● **DATA LISTING**:
-- -- --

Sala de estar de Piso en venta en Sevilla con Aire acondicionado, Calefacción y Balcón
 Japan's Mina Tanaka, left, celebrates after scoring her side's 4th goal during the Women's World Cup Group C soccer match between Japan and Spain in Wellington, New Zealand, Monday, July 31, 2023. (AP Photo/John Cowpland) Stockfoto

-- -- --

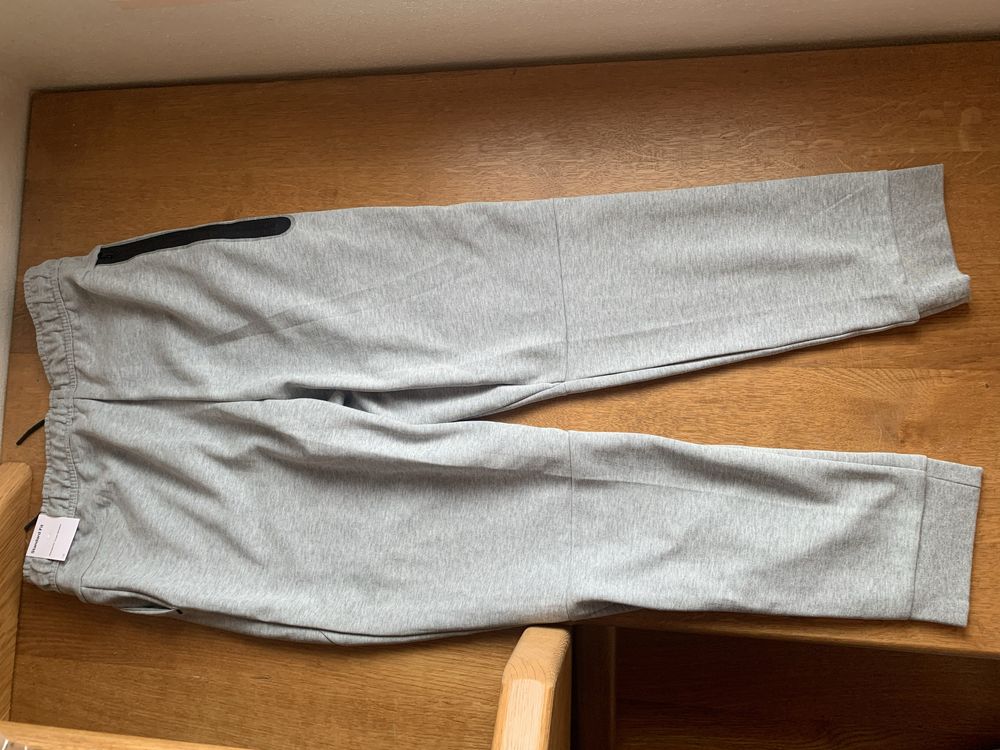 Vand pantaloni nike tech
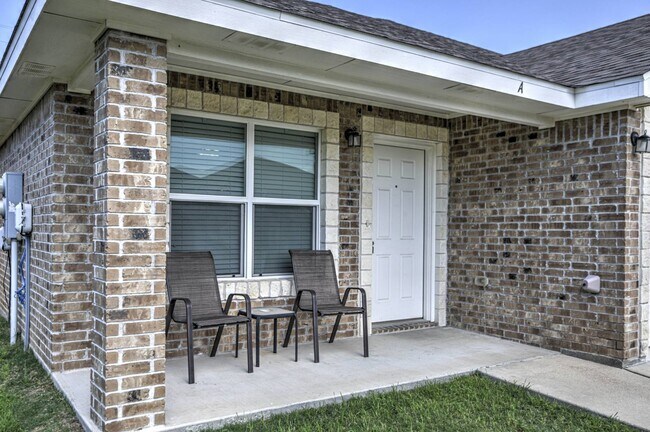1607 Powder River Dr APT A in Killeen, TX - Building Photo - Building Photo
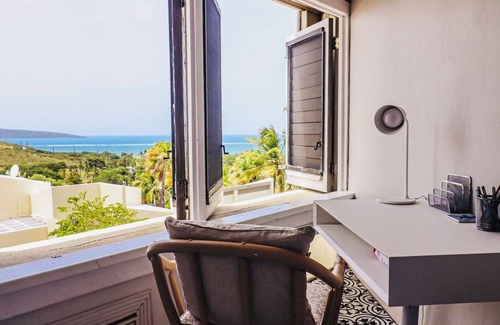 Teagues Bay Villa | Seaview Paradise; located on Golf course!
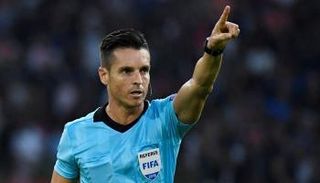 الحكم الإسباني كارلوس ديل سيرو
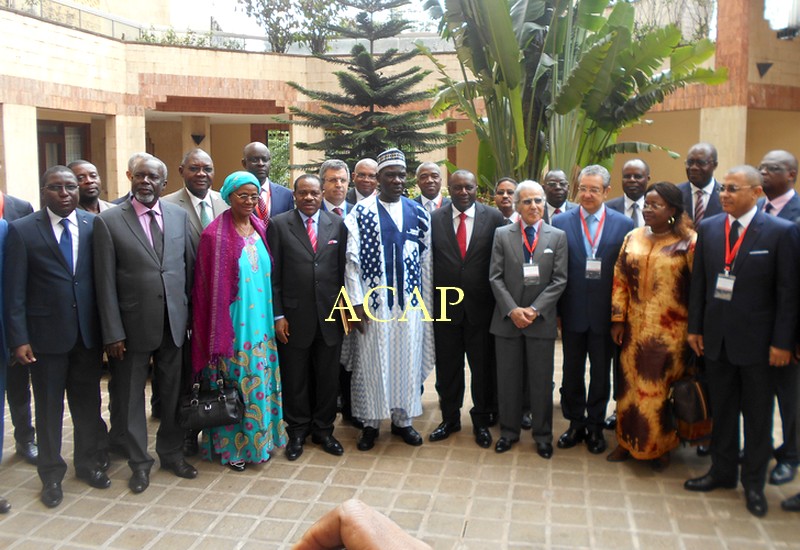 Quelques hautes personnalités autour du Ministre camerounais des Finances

-- -- --

● **WORK REQUEST**: Give back exactly the lines above, from the line containing "Sala de estar" through the line containing "Japan's Mina Tanaka, left, celebrates", with both end lines and nothing more.

● **ANSWER BOX**:
Sala de estar de Piso en venta en Sevilla con Aire acondicionado, Calefacción y Balcón
 Japan's Mina Tanaka, left, celebrates after scoring her side's 4th goal during the Women's World Cup Group C soccer match between Japan and Spain in Wellington, New Zealand, Monday, July 31, 2023. (AP Photo/John Cowpland) Stockfoto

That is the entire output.